** MATERIAL FOR THE TASK follows **

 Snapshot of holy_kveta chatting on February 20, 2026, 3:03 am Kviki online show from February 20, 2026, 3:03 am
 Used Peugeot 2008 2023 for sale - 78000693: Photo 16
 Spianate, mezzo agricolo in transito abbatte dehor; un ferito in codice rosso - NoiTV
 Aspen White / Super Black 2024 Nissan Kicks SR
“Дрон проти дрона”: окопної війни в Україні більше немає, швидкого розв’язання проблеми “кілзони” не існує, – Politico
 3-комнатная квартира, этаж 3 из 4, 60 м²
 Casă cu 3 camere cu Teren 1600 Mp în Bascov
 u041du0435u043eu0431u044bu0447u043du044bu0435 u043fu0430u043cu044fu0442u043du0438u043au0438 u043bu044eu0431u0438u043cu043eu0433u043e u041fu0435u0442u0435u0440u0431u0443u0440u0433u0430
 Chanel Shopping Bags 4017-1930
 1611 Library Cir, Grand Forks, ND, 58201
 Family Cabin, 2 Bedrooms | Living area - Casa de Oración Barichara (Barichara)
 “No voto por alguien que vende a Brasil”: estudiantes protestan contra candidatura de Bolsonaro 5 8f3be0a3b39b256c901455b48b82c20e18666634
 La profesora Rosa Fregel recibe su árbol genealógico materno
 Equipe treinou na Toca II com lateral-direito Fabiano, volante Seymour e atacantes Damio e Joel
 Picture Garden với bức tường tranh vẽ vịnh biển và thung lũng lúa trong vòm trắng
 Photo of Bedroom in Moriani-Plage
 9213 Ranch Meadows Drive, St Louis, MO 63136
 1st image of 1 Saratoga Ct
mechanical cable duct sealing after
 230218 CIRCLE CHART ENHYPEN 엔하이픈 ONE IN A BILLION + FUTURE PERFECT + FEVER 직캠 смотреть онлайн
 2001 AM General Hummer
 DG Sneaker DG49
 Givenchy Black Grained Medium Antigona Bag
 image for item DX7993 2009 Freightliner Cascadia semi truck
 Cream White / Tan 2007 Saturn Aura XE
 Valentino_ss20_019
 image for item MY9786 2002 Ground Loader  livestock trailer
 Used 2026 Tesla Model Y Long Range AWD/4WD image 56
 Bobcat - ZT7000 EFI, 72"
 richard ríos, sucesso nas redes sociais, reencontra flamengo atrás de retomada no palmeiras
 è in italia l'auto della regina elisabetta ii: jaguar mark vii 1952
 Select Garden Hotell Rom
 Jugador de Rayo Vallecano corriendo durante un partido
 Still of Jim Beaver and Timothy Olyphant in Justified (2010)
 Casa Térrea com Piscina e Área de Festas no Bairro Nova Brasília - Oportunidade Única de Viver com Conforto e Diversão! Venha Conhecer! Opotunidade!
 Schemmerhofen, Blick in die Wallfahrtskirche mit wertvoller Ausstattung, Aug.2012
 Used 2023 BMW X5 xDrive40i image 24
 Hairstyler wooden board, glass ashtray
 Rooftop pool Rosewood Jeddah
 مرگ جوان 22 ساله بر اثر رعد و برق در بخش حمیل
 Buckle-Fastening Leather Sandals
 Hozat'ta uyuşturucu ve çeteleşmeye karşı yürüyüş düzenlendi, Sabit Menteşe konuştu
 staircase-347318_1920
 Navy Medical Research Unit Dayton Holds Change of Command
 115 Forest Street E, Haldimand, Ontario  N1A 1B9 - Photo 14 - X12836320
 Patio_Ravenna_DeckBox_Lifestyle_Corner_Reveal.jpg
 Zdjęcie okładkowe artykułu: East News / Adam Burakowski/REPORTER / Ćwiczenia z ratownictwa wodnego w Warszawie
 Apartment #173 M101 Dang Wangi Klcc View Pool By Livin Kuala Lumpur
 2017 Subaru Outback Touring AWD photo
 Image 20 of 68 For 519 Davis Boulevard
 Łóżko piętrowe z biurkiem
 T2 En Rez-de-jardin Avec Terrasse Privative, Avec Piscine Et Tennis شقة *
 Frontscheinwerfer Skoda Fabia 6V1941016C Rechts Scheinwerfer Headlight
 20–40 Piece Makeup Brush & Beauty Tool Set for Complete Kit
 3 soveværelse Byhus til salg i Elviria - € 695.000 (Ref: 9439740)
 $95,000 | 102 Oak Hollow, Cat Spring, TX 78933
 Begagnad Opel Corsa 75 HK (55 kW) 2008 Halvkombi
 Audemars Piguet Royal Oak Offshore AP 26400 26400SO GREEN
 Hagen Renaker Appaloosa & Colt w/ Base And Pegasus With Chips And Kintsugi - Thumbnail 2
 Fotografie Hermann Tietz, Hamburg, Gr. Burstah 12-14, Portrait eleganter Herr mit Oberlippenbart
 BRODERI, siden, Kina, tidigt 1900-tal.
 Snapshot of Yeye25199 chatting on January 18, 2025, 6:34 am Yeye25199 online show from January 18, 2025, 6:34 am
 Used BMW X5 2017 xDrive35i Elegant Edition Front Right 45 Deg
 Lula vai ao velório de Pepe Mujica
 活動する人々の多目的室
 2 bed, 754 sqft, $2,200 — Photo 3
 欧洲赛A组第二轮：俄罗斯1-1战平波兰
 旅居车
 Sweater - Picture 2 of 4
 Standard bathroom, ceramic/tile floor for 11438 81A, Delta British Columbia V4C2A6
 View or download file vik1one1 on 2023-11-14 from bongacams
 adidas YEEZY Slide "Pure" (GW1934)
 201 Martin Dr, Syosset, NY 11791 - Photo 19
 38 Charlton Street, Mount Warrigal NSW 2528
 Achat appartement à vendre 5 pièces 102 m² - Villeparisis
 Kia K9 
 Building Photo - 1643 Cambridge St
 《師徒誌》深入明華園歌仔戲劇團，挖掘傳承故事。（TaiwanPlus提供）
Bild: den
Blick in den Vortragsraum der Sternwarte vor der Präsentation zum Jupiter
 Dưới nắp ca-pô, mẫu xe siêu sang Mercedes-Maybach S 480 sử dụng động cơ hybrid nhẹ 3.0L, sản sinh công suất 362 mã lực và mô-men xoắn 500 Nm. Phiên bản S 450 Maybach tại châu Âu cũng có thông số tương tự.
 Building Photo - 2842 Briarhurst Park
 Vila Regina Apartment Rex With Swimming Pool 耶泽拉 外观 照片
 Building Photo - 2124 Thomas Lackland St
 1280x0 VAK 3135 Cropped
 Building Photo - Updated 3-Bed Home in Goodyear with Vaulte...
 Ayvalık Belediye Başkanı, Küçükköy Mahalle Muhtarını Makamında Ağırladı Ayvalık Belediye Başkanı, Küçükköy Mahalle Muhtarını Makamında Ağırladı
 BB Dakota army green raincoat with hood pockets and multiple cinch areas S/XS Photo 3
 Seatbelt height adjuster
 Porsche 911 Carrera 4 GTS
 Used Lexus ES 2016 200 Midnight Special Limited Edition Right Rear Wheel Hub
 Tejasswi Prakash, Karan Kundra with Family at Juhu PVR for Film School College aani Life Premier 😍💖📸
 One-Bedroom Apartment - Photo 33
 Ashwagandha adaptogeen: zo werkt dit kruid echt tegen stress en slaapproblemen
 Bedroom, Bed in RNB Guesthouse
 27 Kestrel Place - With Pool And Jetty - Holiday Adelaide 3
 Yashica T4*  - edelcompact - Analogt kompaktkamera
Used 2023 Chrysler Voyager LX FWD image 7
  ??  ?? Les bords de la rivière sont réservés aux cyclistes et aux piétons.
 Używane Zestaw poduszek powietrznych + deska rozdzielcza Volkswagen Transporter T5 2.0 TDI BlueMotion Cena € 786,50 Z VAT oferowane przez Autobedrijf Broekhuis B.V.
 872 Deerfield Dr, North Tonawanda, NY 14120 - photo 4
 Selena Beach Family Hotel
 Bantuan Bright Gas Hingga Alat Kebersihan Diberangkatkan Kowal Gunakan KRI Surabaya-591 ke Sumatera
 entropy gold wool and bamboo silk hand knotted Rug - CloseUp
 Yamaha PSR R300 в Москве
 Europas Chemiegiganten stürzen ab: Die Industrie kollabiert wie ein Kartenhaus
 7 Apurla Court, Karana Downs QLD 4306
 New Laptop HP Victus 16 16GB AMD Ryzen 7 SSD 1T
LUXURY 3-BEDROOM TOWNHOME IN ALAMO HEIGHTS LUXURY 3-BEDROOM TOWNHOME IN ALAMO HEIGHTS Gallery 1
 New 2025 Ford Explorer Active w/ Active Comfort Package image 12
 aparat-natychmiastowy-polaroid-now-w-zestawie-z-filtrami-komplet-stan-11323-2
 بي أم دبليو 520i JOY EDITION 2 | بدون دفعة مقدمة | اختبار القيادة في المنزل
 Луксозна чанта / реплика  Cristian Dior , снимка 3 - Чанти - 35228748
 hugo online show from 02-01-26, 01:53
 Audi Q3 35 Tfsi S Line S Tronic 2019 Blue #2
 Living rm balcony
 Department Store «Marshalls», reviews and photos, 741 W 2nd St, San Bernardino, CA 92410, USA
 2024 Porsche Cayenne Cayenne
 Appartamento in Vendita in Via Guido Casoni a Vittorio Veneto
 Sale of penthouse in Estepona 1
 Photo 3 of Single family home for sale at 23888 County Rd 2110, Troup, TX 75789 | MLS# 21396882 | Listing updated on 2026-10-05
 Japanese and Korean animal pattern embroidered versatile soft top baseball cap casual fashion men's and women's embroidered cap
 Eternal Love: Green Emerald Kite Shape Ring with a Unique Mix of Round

** End of MATERIAL FOR THE TASK **

* **AIM OF THE TASK**
Please give again the lines above between the line holding "3-комнатная квартира, этаж 3 из 4, 60 м²" and the line holding "Family Cabin, 2", inclusive, exactly as they are and with nothing added.

* **FINISHED EXERCISE**
 3-комнатная квартира, этаж 3 из 4, 60 м²
 Casă cu 3 camere cu Teren 1600 Mp în Bascov
 u041du0435u043eu0431u044bu0447u043du044bu0435 u043fu0430u043cu044fu0442u043du0438u043au0438 u043bu044eu0431u0438u043cu043eu0433u043e u041fu0435u0442u0435u0440u0431u0443u0440u0433u0430
 Chanel Shopping Bags 4017-1930
 1611 Library Cir, Grand Forks, ND, 58201
 Family Cabin, 2 Bedrooms | Living area - Casa de Oración Barichara (Barichara)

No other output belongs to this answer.